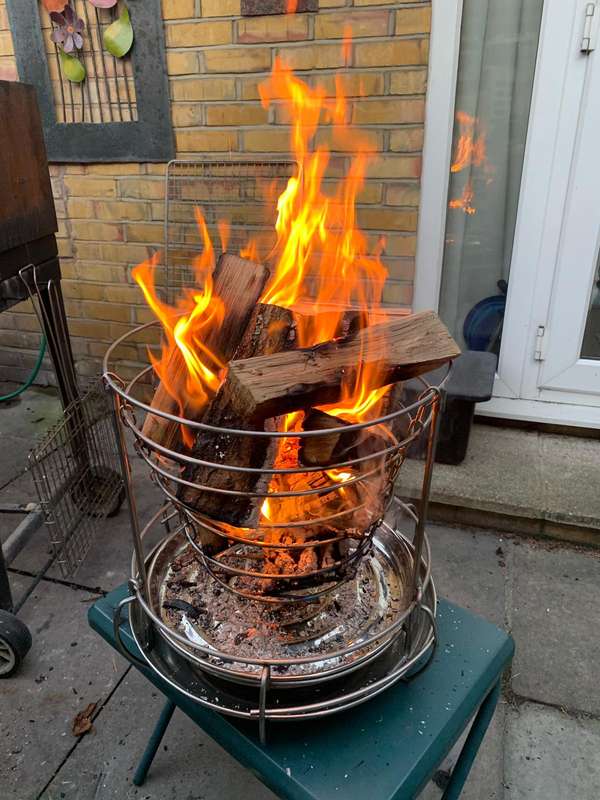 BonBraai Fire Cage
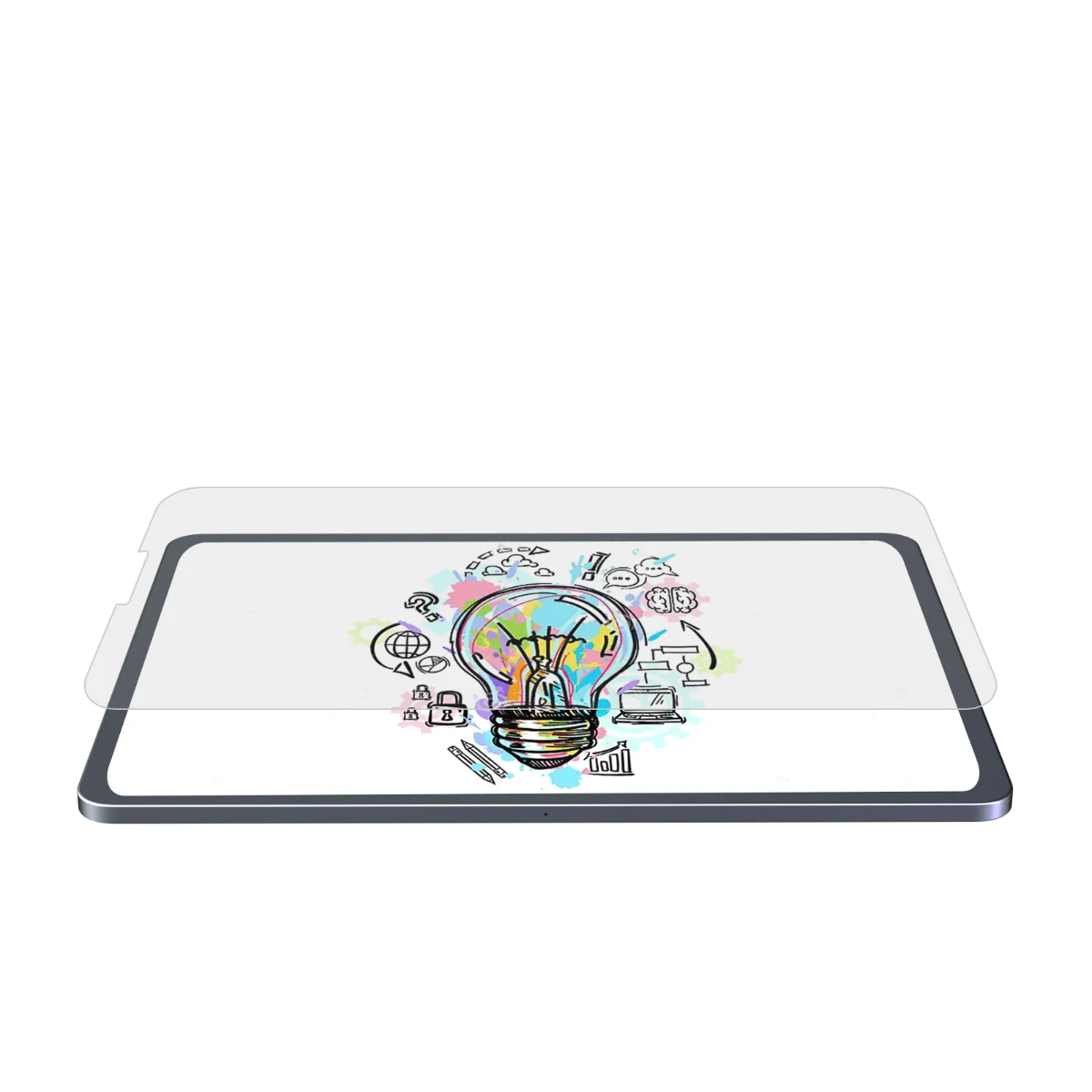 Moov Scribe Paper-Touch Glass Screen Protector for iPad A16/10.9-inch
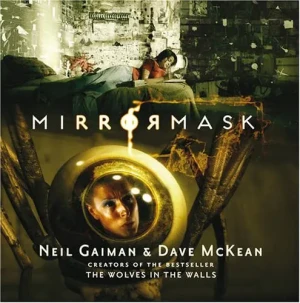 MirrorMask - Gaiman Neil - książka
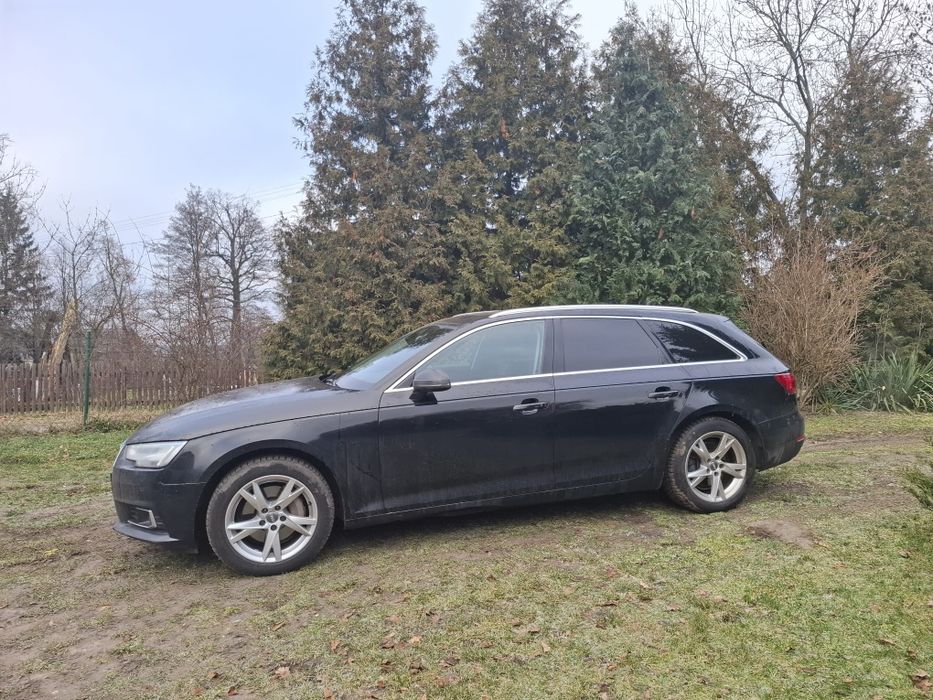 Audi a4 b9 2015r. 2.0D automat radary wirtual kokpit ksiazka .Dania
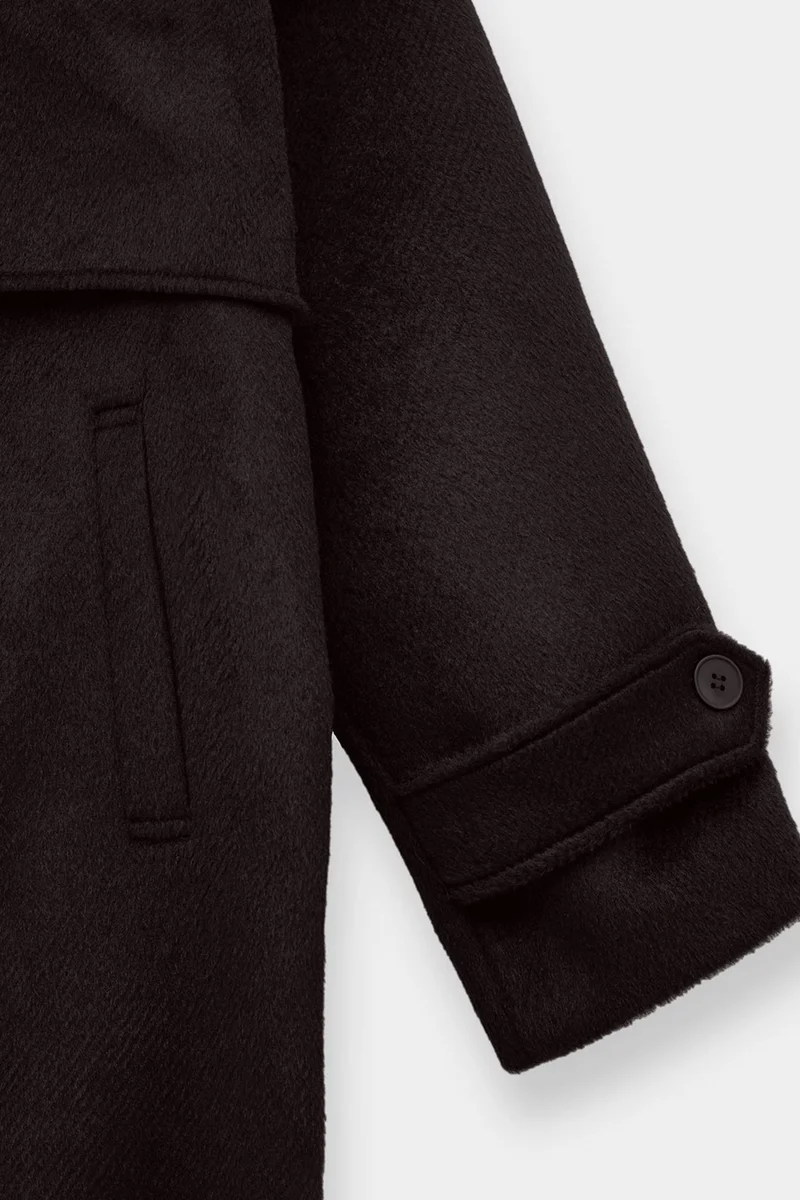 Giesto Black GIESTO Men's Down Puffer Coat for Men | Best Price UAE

--

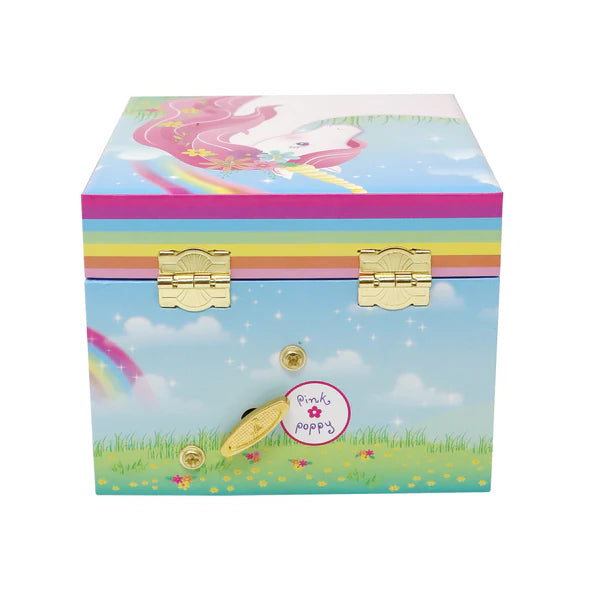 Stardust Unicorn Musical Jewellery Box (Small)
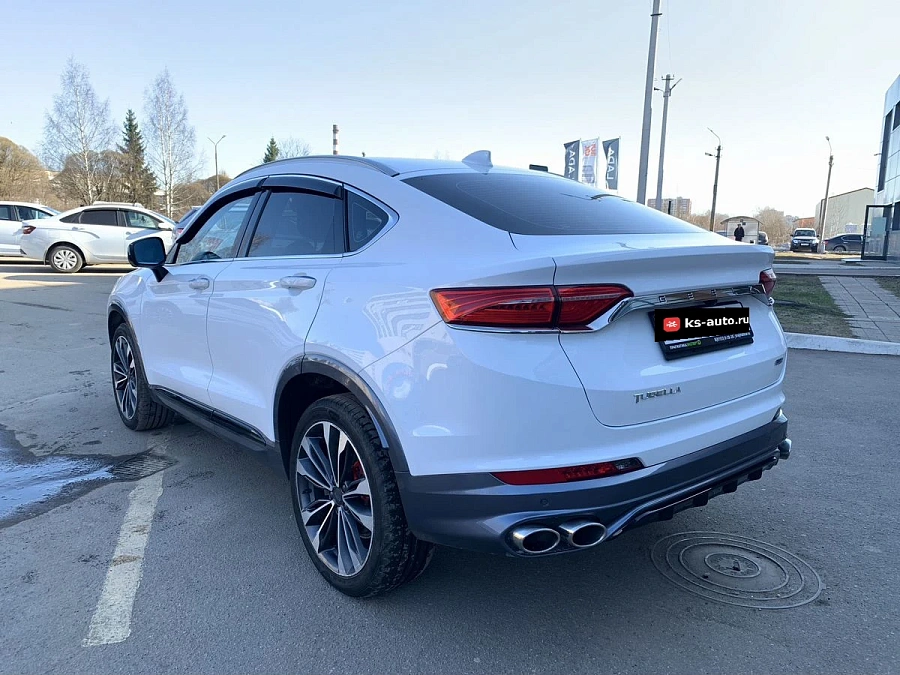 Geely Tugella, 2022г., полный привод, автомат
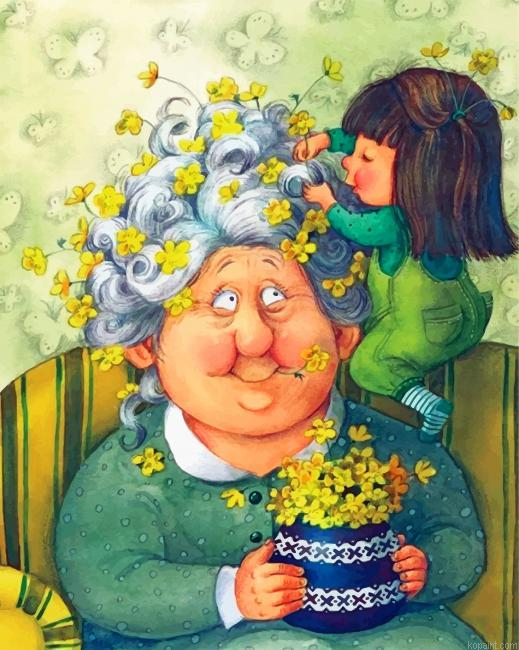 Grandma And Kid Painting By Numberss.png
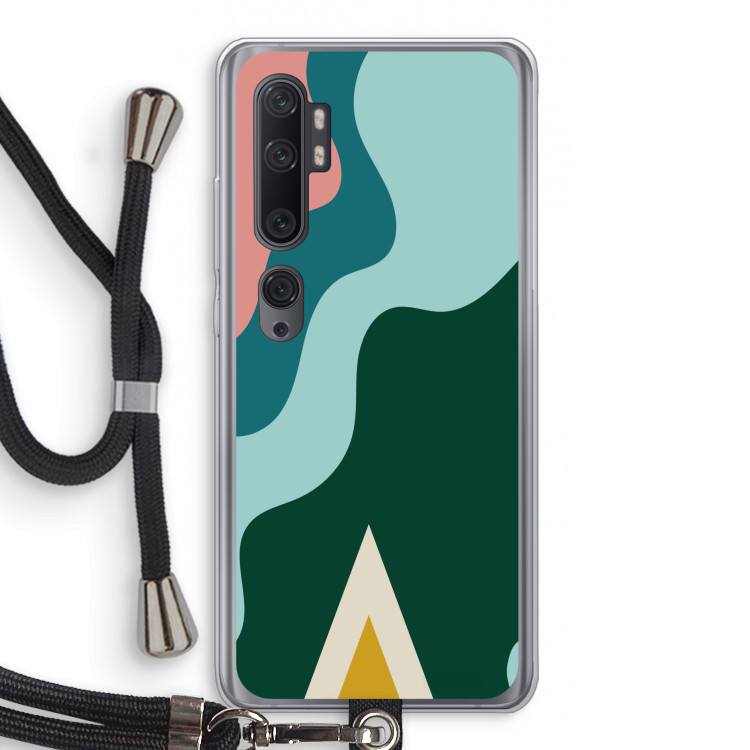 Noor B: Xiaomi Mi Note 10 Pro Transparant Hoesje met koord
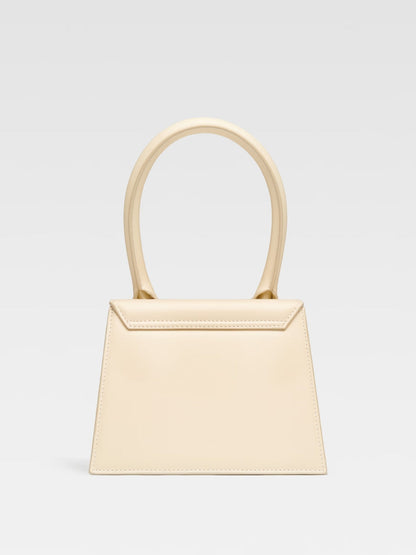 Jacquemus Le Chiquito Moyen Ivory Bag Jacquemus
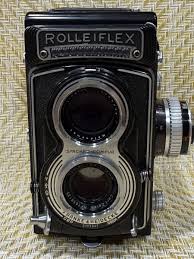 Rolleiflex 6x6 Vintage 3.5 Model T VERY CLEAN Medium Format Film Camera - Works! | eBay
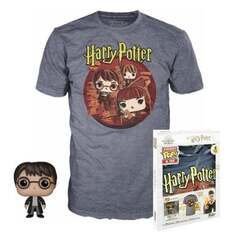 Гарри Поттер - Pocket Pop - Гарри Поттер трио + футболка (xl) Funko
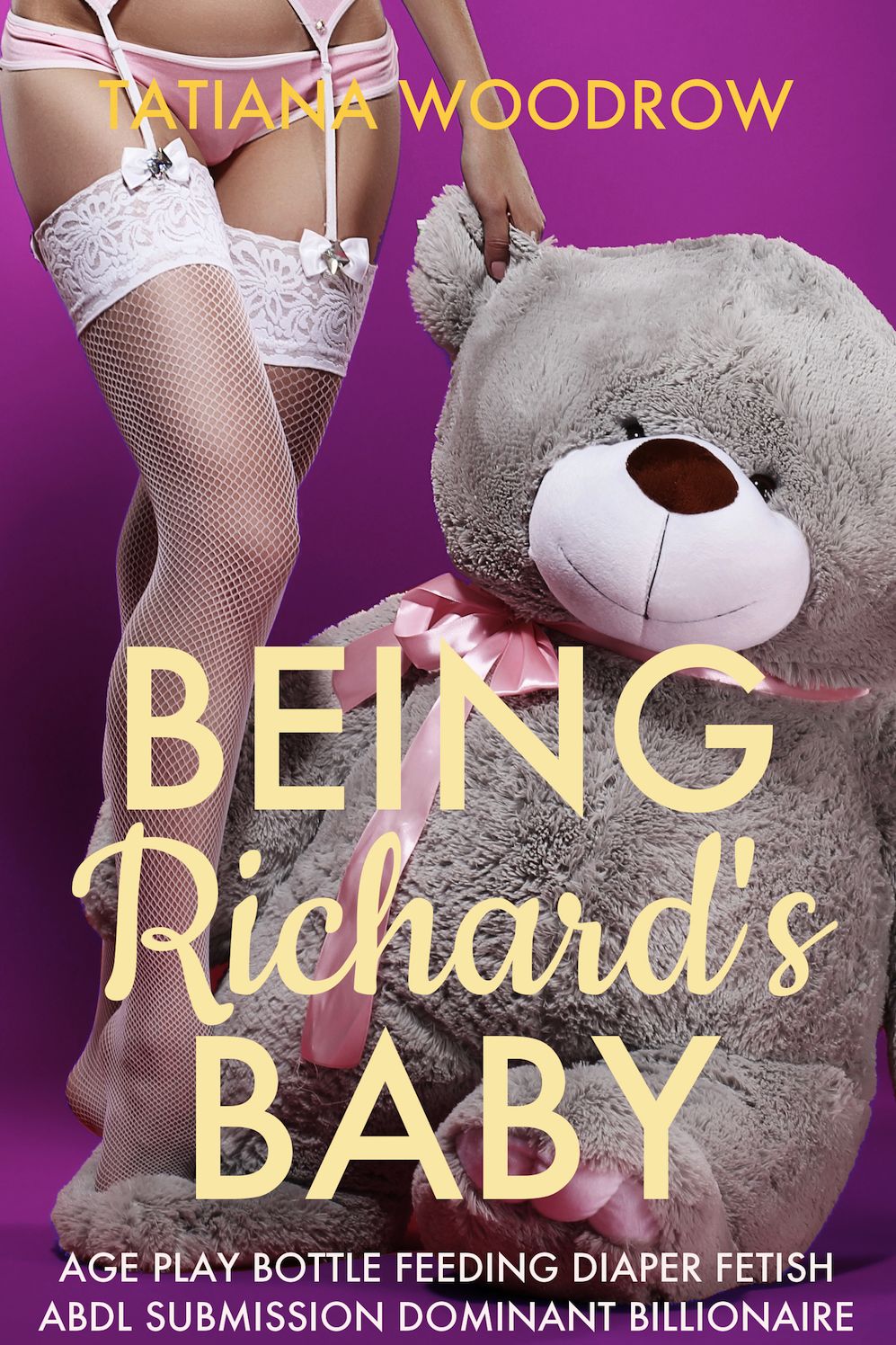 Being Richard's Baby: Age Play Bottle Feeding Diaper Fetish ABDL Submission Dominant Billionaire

▸ TASK TO CARRY OUT: In the entries above, find the line with "Grandma And Kid Painting By Numberss.png" and the line with "Being Richard's Baby: Age". Return exactly those lines and all the ones between them, pictures excluded.

▸ EXERCISE RESULT:
 Grandma And Kid Painting By Numberss.png
 Noor B: Xiaomi Mi Note 10 Pro Transparant Hoesje met koord
 Jacquemus Le Chiquito Moyen Ivory Bag Jacquemus
 Rolleiflex 6x6 Vintage 3.5 Model T VERY CLEAN Medium Format Film Camera - Works! | eBay
 Гарри Поттер - Pocket Pop - Гарри Поттер трио + футболка (xl) Funko
 Being Richard's Baby: Age Play Bottle Feeding Diaper Fetish ABDL Submission Dominant Billionaire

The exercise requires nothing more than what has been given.